For the deterministic approach, the two critical parameters are the polynomial degree $s \in \{1, \ldots, 10\}$ (tuned via cross-validation) and the fundamental system size $n = \binom{s + d}{s}$ (fixed by kernel degree and input dimension) (Zeng et al., 2019). In random-feature methods, the recipe involves Maclaurin expansion, degree sampling, vector randomization, unit-norm pre-scaling, and post-scaling with $(\gamma, \beta)$, with the number of features $m$ selected per target error tolerance and input norm bounds (Guo et al., 18 May 2025).

Empirical evaluations confirm that these minimal bases can yield test accuracies within tenths of a percent of full kernel SVMs on benchmarks, while running orders of magnitude faster and consuming drastically less memory. In large-scale scenarios (e.g., SUSY, HIGGS, MNIST), minimal polynomial basis schemes attain strong metrics (e.g., AUC ≈ 0.876 in under ten minutes with $n \approx 1500$), outperforming Nyström or random-Fourier approaches for the same feature dimension (Zeng et al., 2019, Guo et al., 18 May 2025).

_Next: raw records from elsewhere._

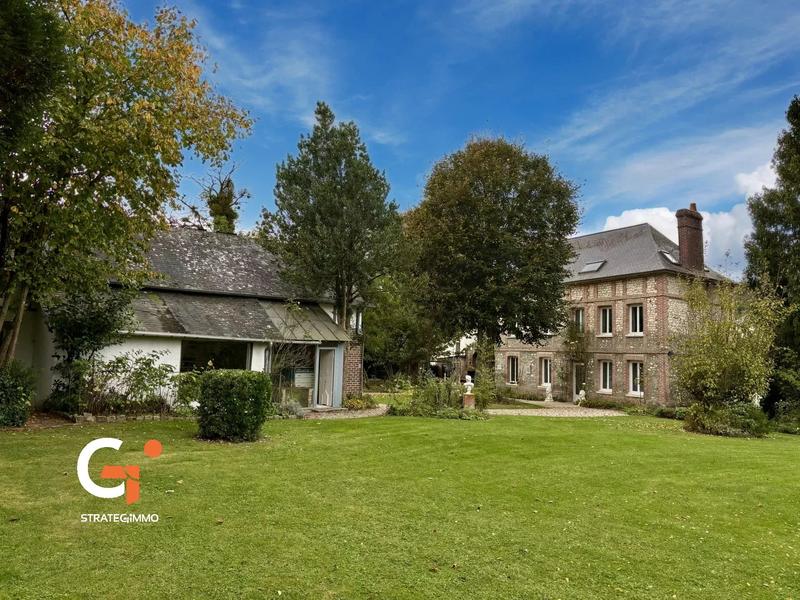 Immeuble mixte - 412 m² - 7 pièces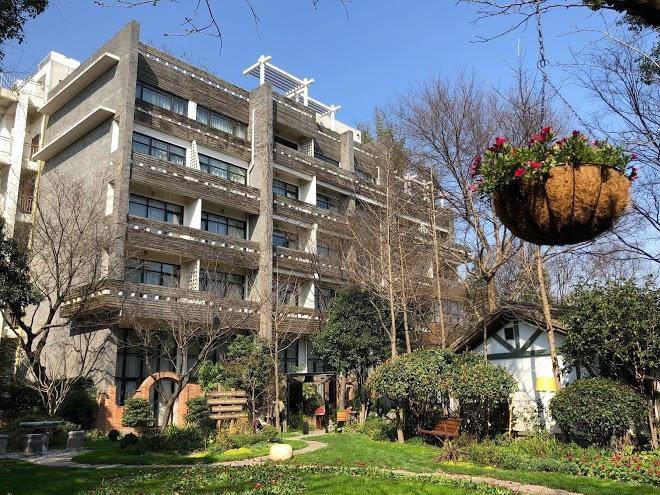 Deqiu Garden Business Center Image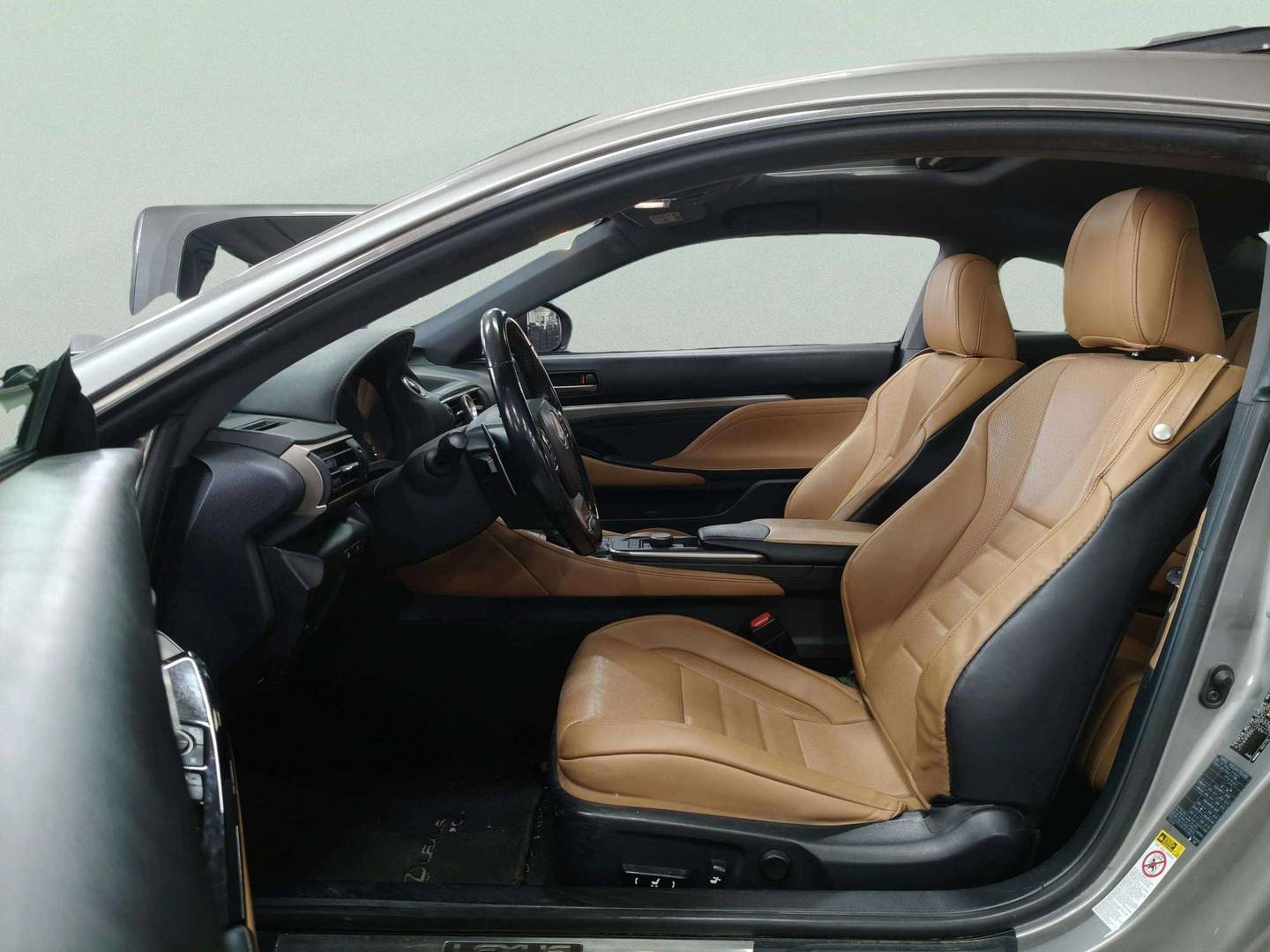 Foto asientos delanteros Lexus RC Lexus RC RC 300h Executive + TS (223 CV)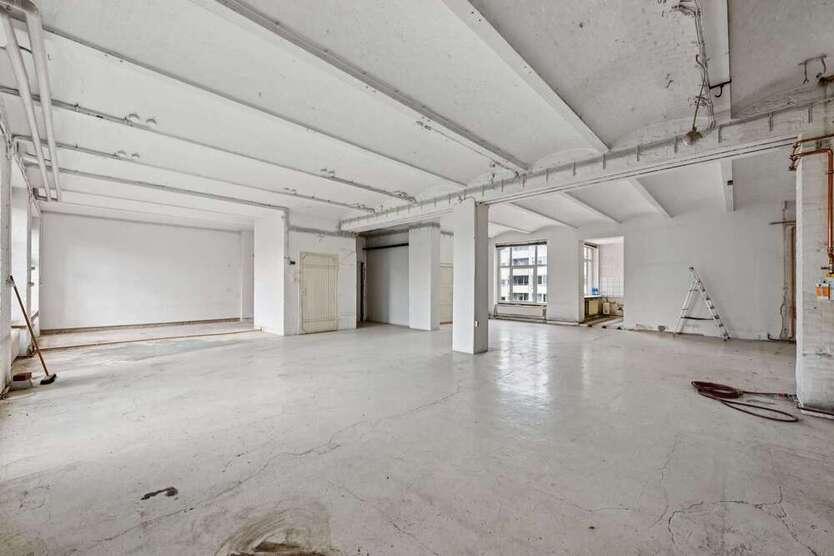 Büro in Berlin 3.525 € 195.84 m²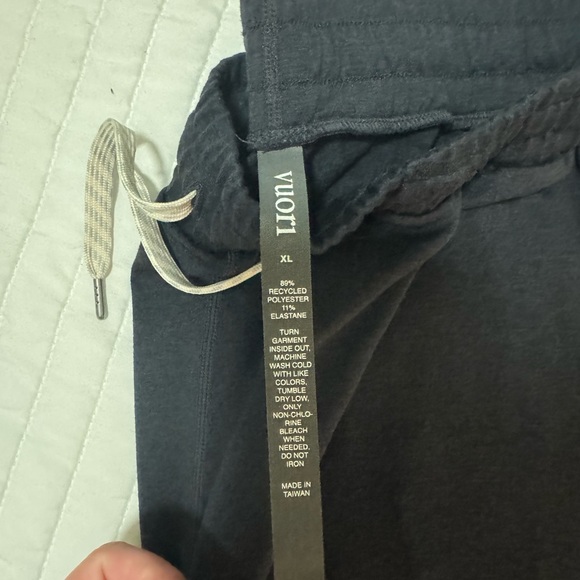 Vuori Women’s Performance Jogger in Midnight Heather - Picture 2 of 2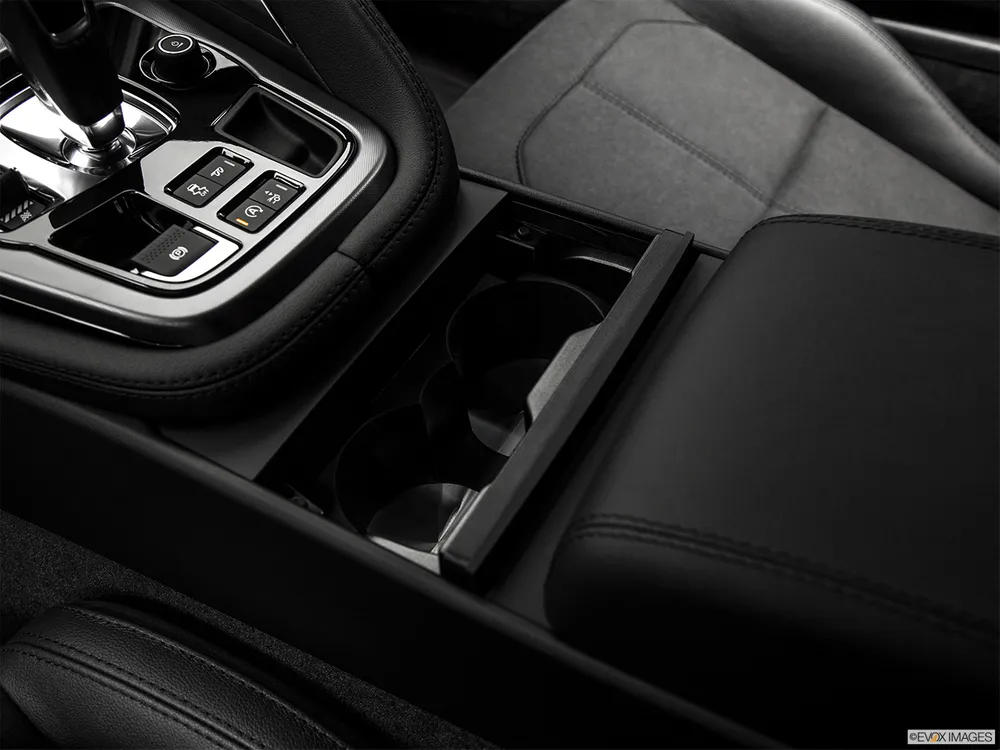 2018 Jaguar F-Type Coupe 5.0L SC R AWD (550 PS)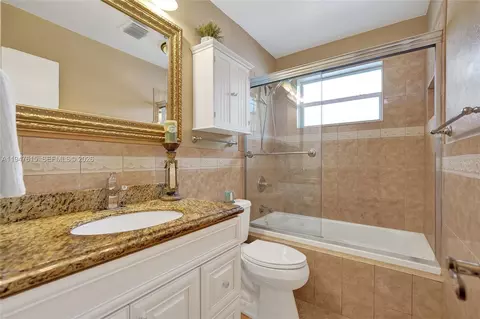 Bath - 230 SE 4th St, Dania Beach, FL 33004 photo 5 of 11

7. Comparison with Other Feature Mappings and Approximations

A minimal polynomial-kernel basis as constructed above guarantees exact coverage of the native polynomial space, unlike random-Fourier or Nyström approximations, which trade $n \ll m$ with looser control over expressiveness and regularization. In particular, random-Fourier expansions are tied to shift-invariant kernels under Bochner’s theorem, and typically require bandwidth tuning and regularization. By contrast, minimal polynomial feature mappings—deterministic via fundamental systems or randomized via Schoenberg-certified Maclaurin expansions—ensure the representational requirements are fully met, with provable approximation error bounds and straightforward parameterization by kernel degree and input dimension. This suggests strong applicability for scalable learning and kernelized modeling in modern large-scale and sequential data regimes (Zeng et al., 2019, Guo et al., 18 May 2025).